Une ogive nucléaire contient une charge d’explosif traditionnel permettant d’initier la réaction de fission en chaîne des atomes d’uranium et/ou de plutonium. Il faut au moins 50 kg d’uranium à 90% d’U235 pour la masse critique de combustible (la bombe d’Hiroshima contenait 64 kg d’U235). Il faut environ 5 kg de Pu239 pur associé à de l’U238 pour fabriquer une ogive.

«L’enchevêtrement entre nucléaire civil et militaire a toujours existé, commente Florian Kasser. Le plutonium extrait de l’usage civil peut être utilisé en militaire. Mais de nos jours, certains pays, pas tous, sont soumis à des normes dites «safe-guard» imposant une comptabilité des matériaux fissiles comme le plutonium.»

Les barres de combustibles contenant du plutonium, issues des centrales civiles, connaissent un sort différent selon les politiques nationales. Elles sont soit entreposées – seulement chez les grandes puissances du nucléaire – soit prises en charge dans une usine de retraitement pour être transformées en oxyde de plutonium qui combiné à de l’oxyde d’uranium donne un nouveau combustible, le MOX (Mixed uranium oxyde), qui peut être utilisé dans certaines centrales nucléaires civiles.

«La Suisse ne traite plus les barres irradiées qui étaient, jusqu’en 2006, envoyées dans des usines de retraitement en France et en Grande-Bretagne, précise Florian Kasser. L’uranium et le plutonium civils suisses passent cinq années en piscine, puis sont entreposés dans des silos.»

■ Le combustible du nucléaire civil provient de l’uranium naturel, mais parfois aussi du retraitement du plutonium et de l’uranium d’armes nucléaires

Sur le marché mondial, il est difficile de connaître l’origine exacte du combustible acheté par un pays pour l’industrie nucléaire civile. Le combustible des centrales provient de diverses sources: uranium naturel (UF6), uranium issu du démantèlement d’armes nucléaire après appauvrissement de l’U235 de 90% à 5% par mélange avec de l’U238, plutonium militaire ou civil mélangé à de l’uranium pour fabriquer des barres de MOX.

Depuis 2006, un moratoire en Suisse interdit l’exportation de matériel fissile; les barres de MOX usagées sont entreposées au Zwilag, le dépôt intermédiaire situé en Argovie. «Une partie du combustible suisse provient de matériel de sous-marins russes passé par des usines nucléaires en Sibérie, le reste est de l’uranium naturel, décrit Florian Kasser. L’uranium retraité est encore utilisé dans une centrale. En général il est difficile d’avoir une comptabilité claire des stocks de matériel fissile issu du militaire.»

A l’opposé, il est possible techniquement de récupérer des produits du nucléaire civil (plutonium, uranium appauvri, produits de fission, objets contaminés) pour fabriquer du matériel militaire, que ce soit des bombes nucléaires ou des bombes dites «sales» correspondant à des explosifs traditionnels dans lesquels on ajoute des débris radioactifs.

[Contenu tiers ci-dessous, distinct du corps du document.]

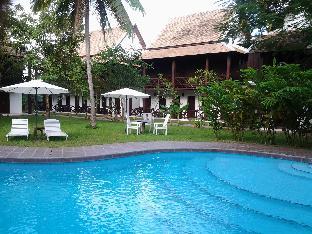 chitchareune mouangluang hotel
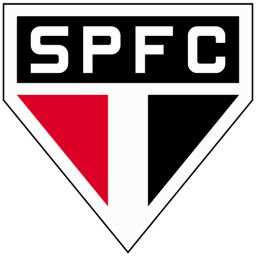 256x256 Sao Paulo Icon South American Football Club Iconset Giannis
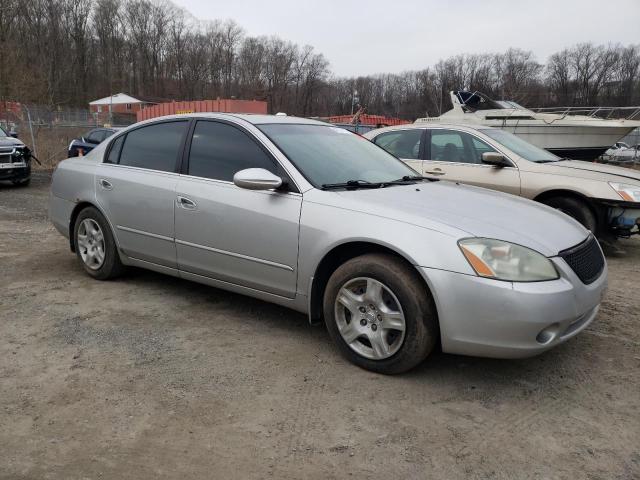 Photo 4 from auction – 2003 NISSAN ALTIMA BAS with VIN 1N4AL11D73C342203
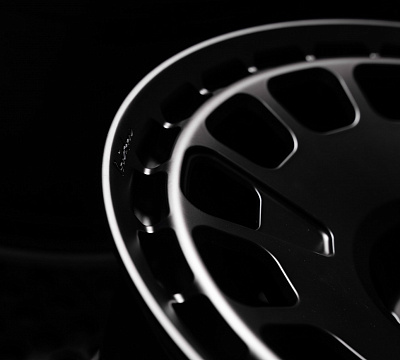 Brixton Forged TR19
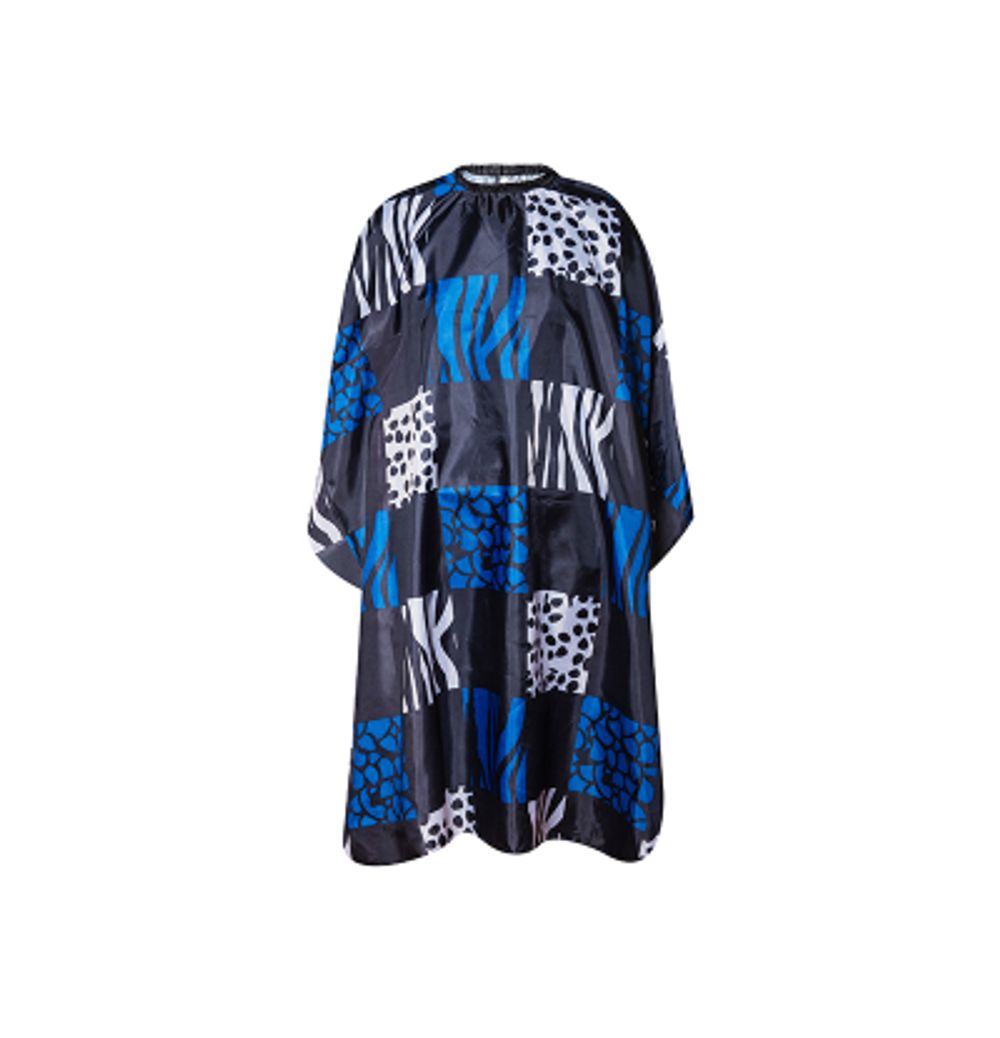 Пеньюар на крючках Harizma, 125х150см (h10861-14)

■ Pour le nucléaire militaire comme le civil, la gestion des déchets est un casse-tête

Qu’ils soient d’origine militaire ou civile, les déchets radioactifs posent le même problème de gestion à long terme. «Différentes options ont été étudiées ou testées: entreposage dans l’océan, enfouissement dans des roches profondes, des mines de sel ou des puits de pétrole. Mais pour l’instant aucune solution satisfaisante n’a été trouvée dans le monde», conclut l’expert de Greenpeace.